------ Data segment

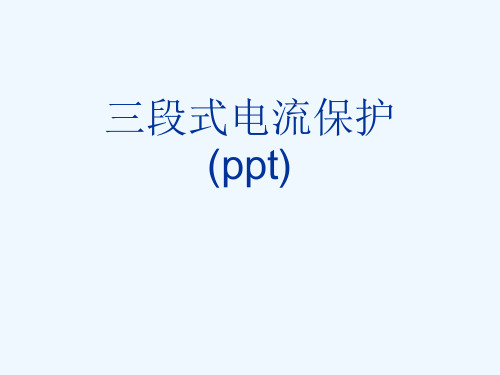 三段式电流保护(ppt)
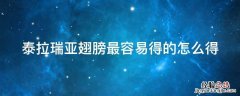 泰拉瑞亚翅膀最容易得的怎么得 泰拉瑞亚翅膀在哪里合成?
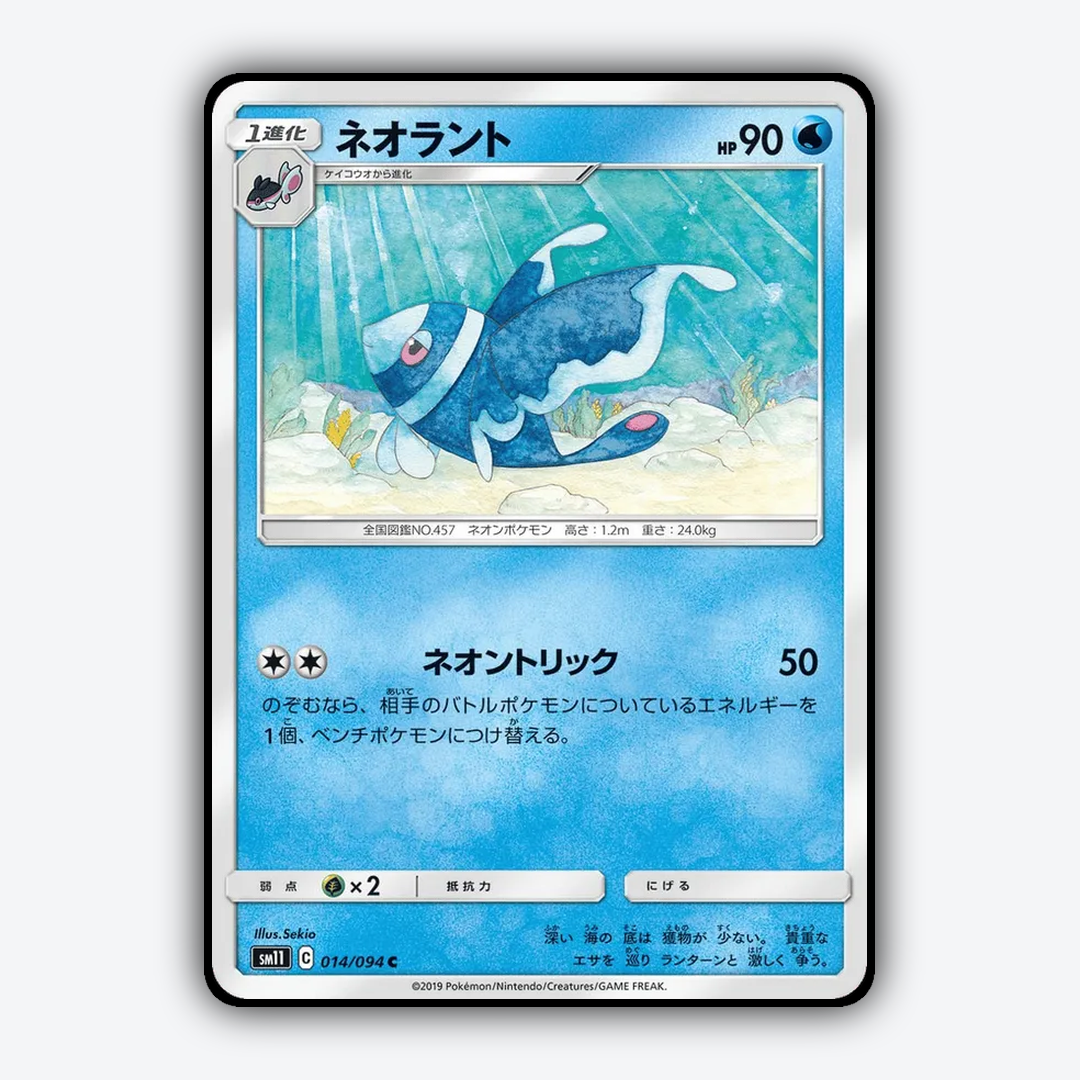 Lumineon 014/094 - Miracle Twin Set - Card Rug (JP)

------------

● Instructions to follow: Only the lines from the one with "泰拉瑞亚翅膀最容易得的怎么得 泰拉瑞亚翅膀在哪里合成?" to the last line of the listing, inclusive, are to be set down, exactly as they stand and without pictures.

● Answer section:
 泰拉瑞亚翅膀最容易得的怎么得 泰拉瑞亚翅膀在哪里合成?
 Lumineon 014/094 - Miracle Twin Set - Card Rug (JP)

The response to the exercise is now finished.